**EXERCISE**.
Print the data exactly as written, but leave out each picture.

**Stored records**.

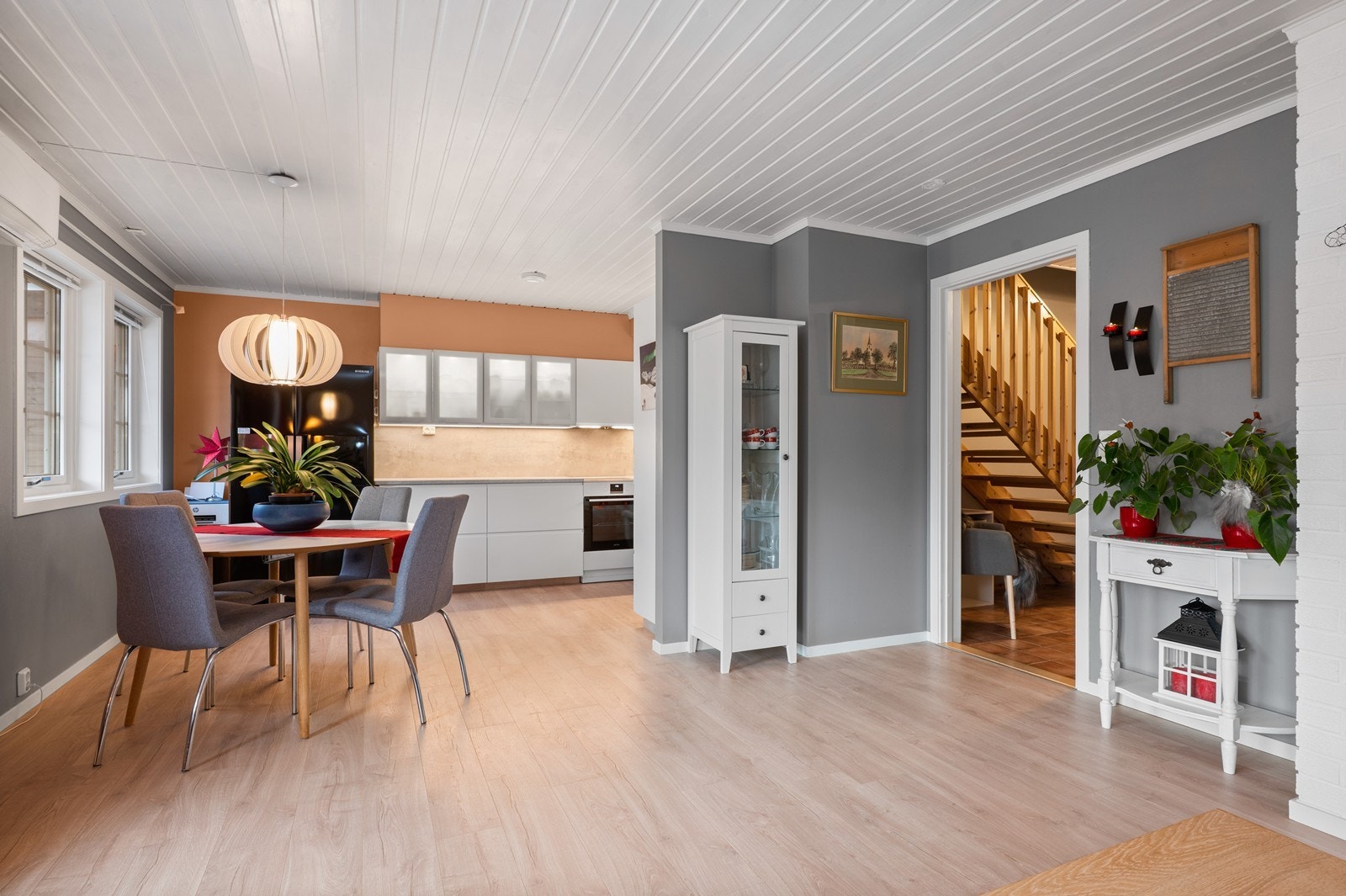 Spiseplassen danner et naturlig samlingspunkt mellom stue og kjøkken. Galleribilde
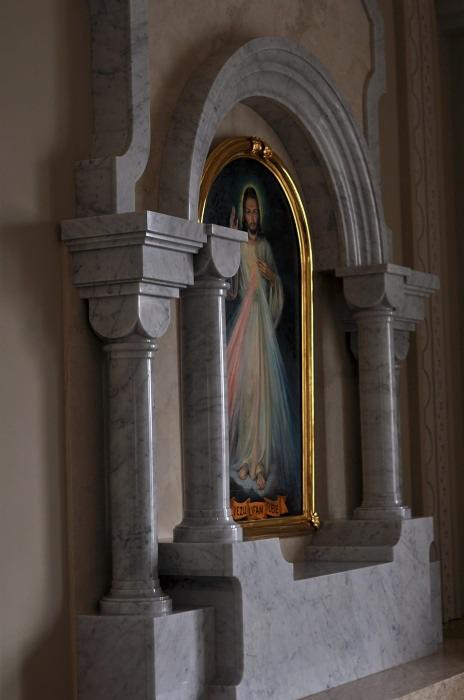 Marmurowa oprawa obrazu w kościele w Łańcucie, z kolumnami i łukiem, subtelne żyłkowanie kamienia.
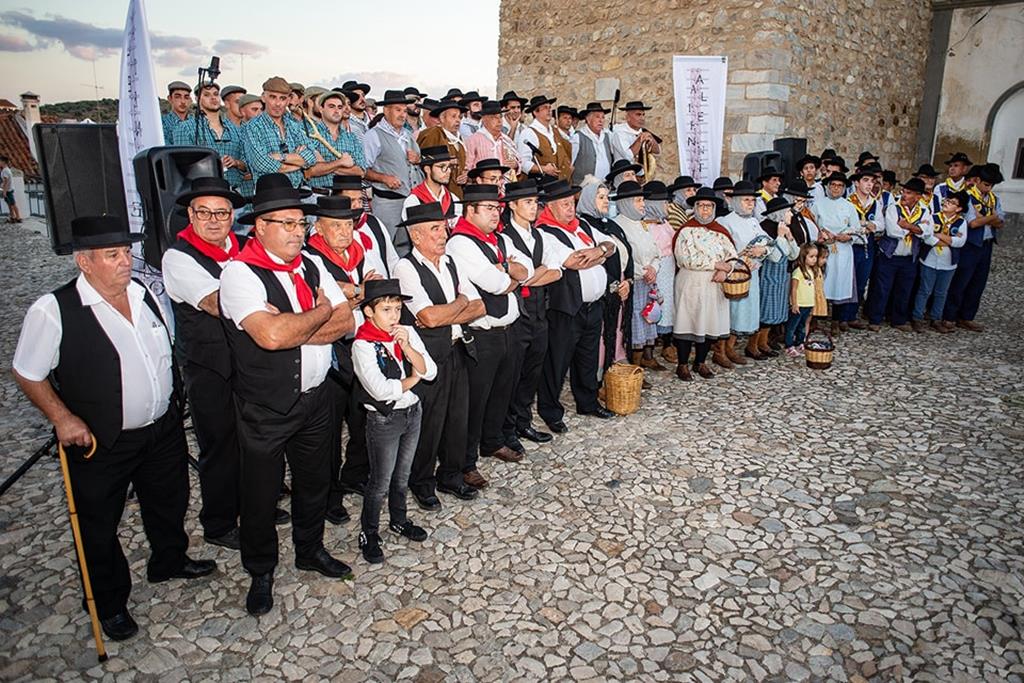 Cantado em coro, por homens e mulheres, esta manifestação popular é característica da região alentejana. Foto: Museu do Cante - Serpa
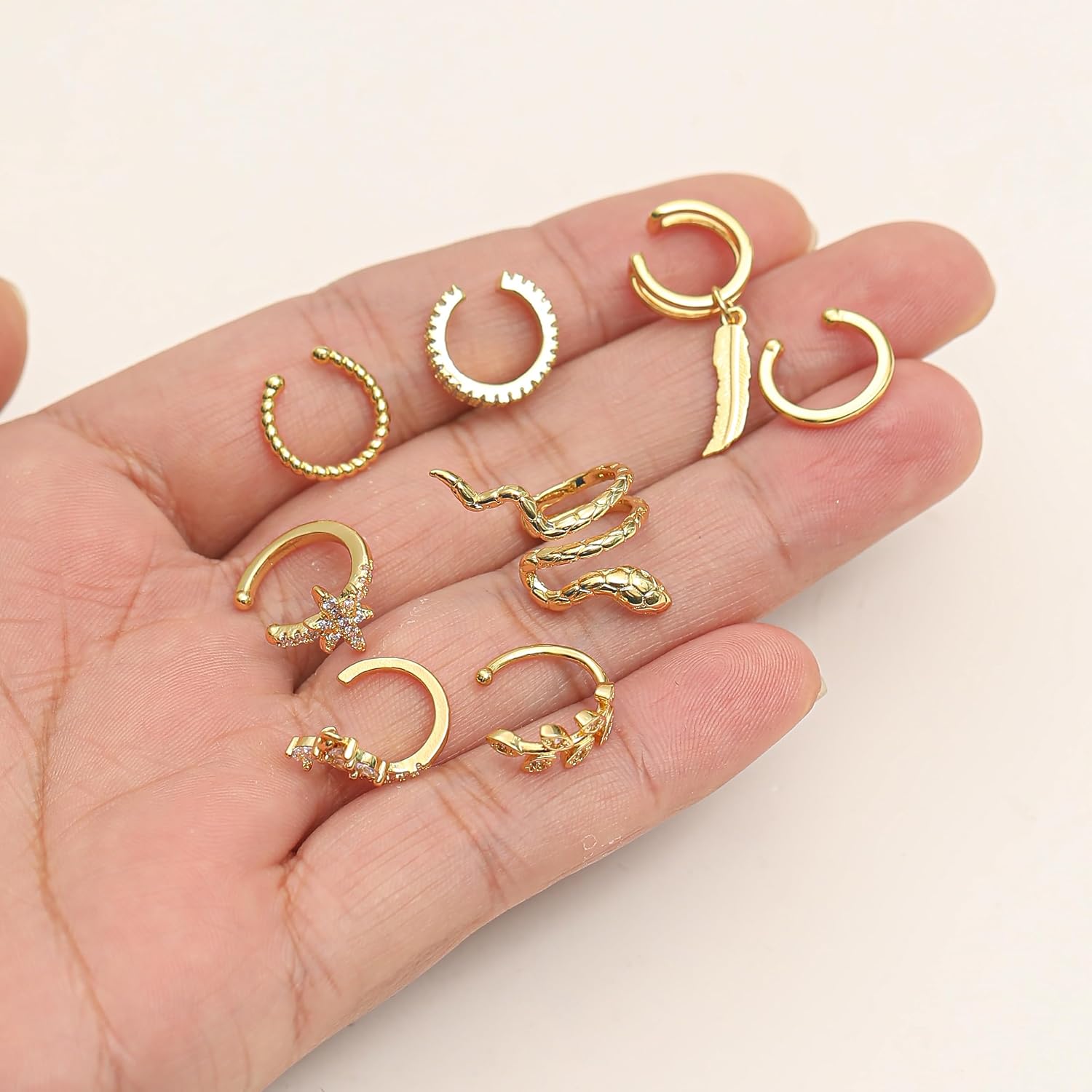 16 Pcs Ear Cuff Earrings for Women Non Piercing Gold Silver Plated Ear Cuffs Non Pierced Snake Leaf CZ Star Feather Waterdrop Chain Ears Cuff Wrap Earring Clip on Cartilage Helix Fake Earrings Lightweight Adjustable
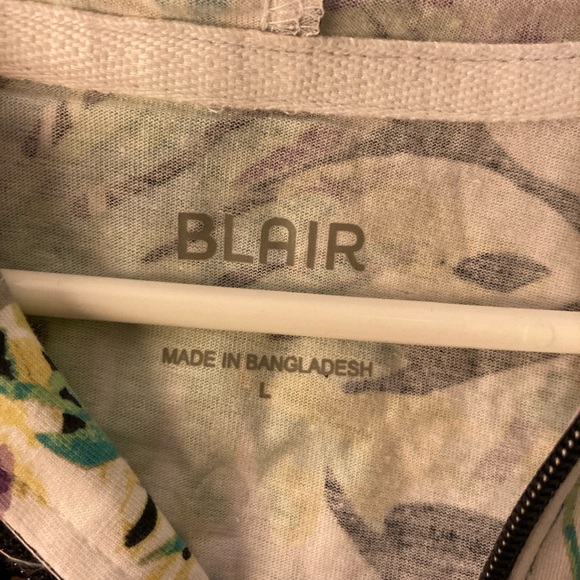 Rainforest Zip-Up hoodie, 3/4 Sleeves With Pockets, Size large, Brand New - Picture 2 of 3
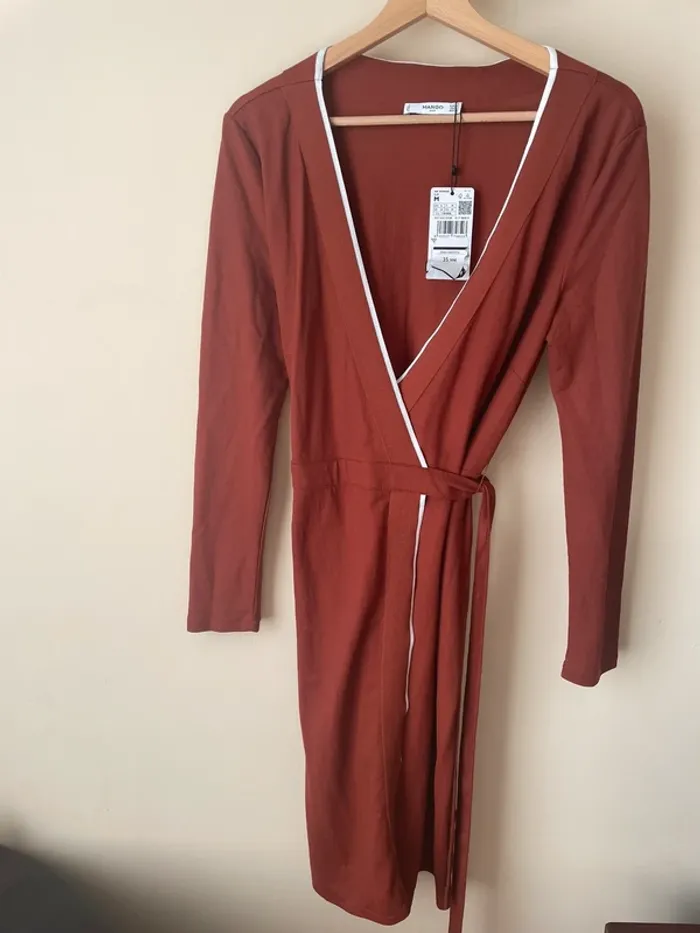 Robe cache coeur marron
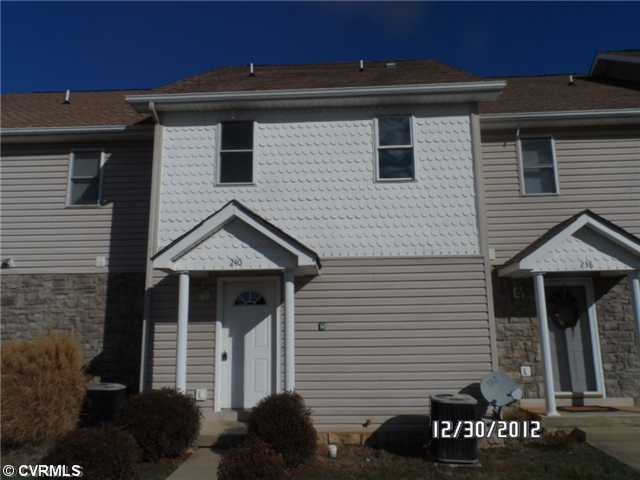  240 Lake Front Dr, Mineral, Virginia  photo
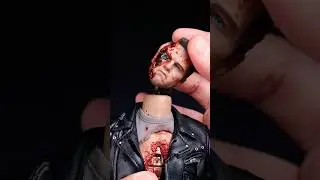 REALISTIC TERMINATOR Battle Damaged Figure! Must HAVE?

**REPLY**.
 Spiseplassen danner et naturlig samlingspunkt mellom stue og kjøkken. Galleribilde
 Marmurowa oprawa obrazu w kościele w Łańcucie, z kolumnami i łukiem, subtelne żyłkowanie kamienia.
 Cantado em coro, por homens e mulheres, esta manifestação popular é característica da região alentejana. Foto: Museu do Cante - Serpa
 16 Pcs Ear Cuff Earrings for Women Non Piercing Gold Silver Plated Ear Cuffs Non Pierced Snake Leaf CZ Star Feather Waterdrop Chain Ears Cuff Wrap Earring Clip on Cartilage Helix Fake Earrings Lightweight Adjustable
 Rainforest Zip-Up hoodie, 3/4 Sleeves With Pockets, Size large, Brand New - Picture 2 of 3
 Robe cache coeur marron
  240 Lake Front Dr, Mineral, Virginia  photo
 REALISTIC TERMINATOR Battle Damaged Figure! Must HAVE?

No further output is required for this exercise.